Hi all, in the TV Stream under My Shows there is a statements at the top listing what percentage of my storage(Sling storage) I have used. In my case, atm that is 8%. But how do you see or find the list of what you recorded?

Thanks, John


----------



## schatham (Mar 17, 2007)

As you scroll over them it will say 1 recording etc. If it does not say recording it is on demand. That's it on the Tivo area.

Open the Sling app on the Android side or on a computer and you can see and manage your recordings.


----------



## jaselzer (Sep 10, 2018)

schatham said:


> As you scroll over them it will say 1 recording etc. If it does not say recording it is on demand. That's it on the Tivo area.
> 
> Open the Sling app on the Android side or on a computer and you can see and manage your recordings.


''

Schatham, thank you for responding and I hope I am not being too boneheaded here: I go to "My Shows" in the Tivo Stream App on the 4K. I see my list of shows and for example I have set "Better Things" to record "New Episodes" only.
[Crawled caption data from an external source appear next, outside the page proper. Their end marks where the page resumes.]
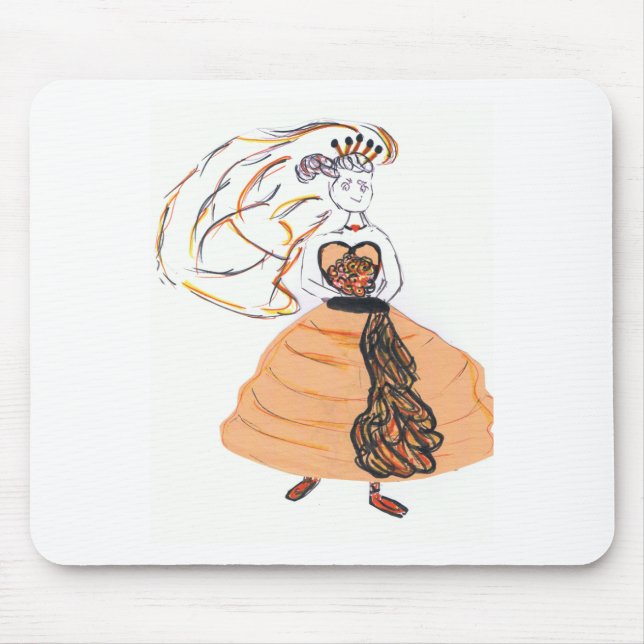Tapis De Souris Halloween Wedding (Devant)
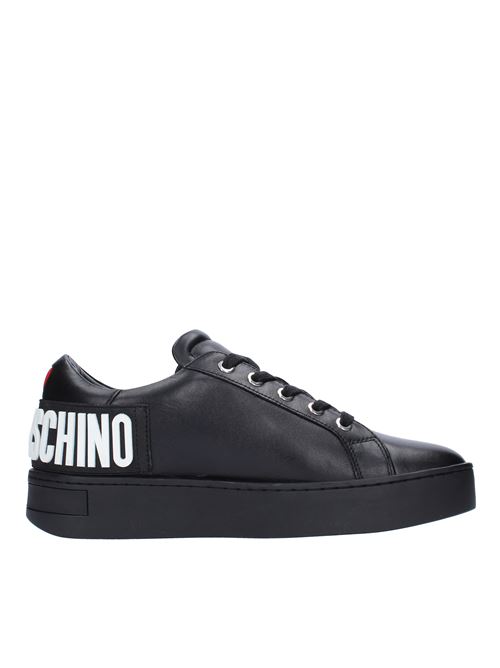 Sneakers in leather, fabric and other materials LOVE MOSCHINO | 15573G0DIA0000NERO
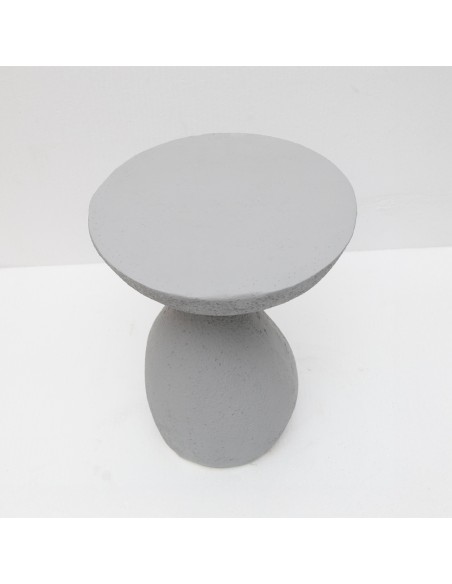 INDUSTRIAL SIDE TABLE ΓΚΡΙ ΑΝΟΙΧΤΟ 40,5x40,5xH51cm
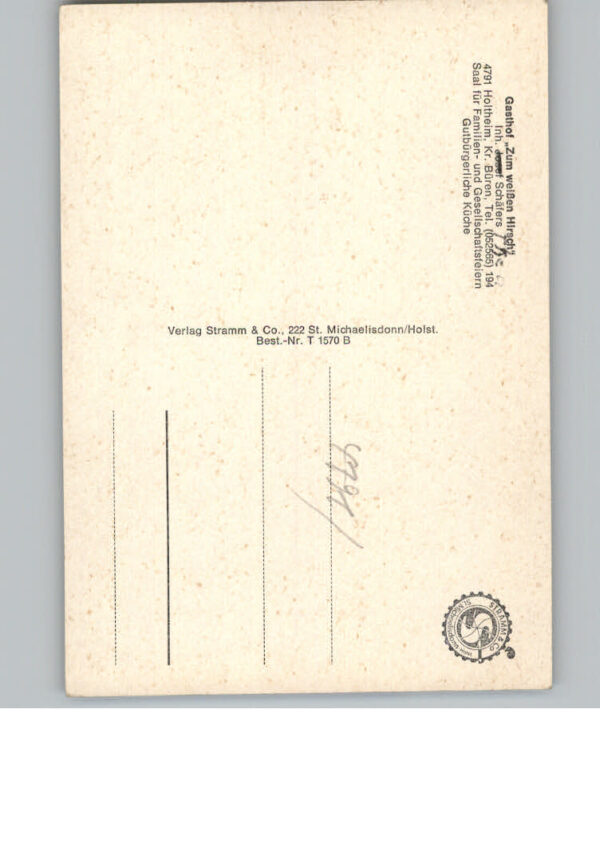 Holtheim Gasthof Zum weissen Hirsch – Bild 2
Ok, now when I click on the "Better Things" icon in "My Shows" it takes me to the page where I can find "Better Things" and one option is Sling, which means it has recorded some episodes of "Better Things". And when I click on the Sling option it seems to take me to the recordings. But just following what you said above, when I highlight the "Better Things" icon in the "My Shows" area, it does not say anything about there being any recordings. In that area the only notification I have about recordings is in the top right that states: "Recordings: 8% Full". What is more strange is that when I go to the Sling website, it shows only having 2 shows on my DVR, neither of which are "Better Things".

Regards, John


----------



## schatham (Mar 17, 2007)

jaselzer said:


> ''
> 
> Schatham, thank you for responding and I hope I am not being too boneheaded here: I go to "My Shows" in the Tivo Stream App on the 4K. I see my list of shows and for example I have set "Better Things" to record "New Episodes" only. Ok, now when I click on the "Better Things" icon in "My Shows" it takes me to the page where I can find "Better Things" and one option is Sling, which means it has recorded some episodes of "Better Things". And when I click on the Sling option it seems to take me to the recordings. But just following what you said above, when I highlight the "Better Things" icon in the "My Shows" area, it does not say anything about there being any recordings. In that area the only notification I have about recordings is in the top right that states: "Recordings: 8% Full". What is more strange is that when I go to the Sling website, it shows only having 2 shows on my DVR, neither of which are "Better Things".
> 
> Regards, John


They have not recorded yet. What you are seeing is what shows would be available to record. It is very confusing on the Tivo 4k.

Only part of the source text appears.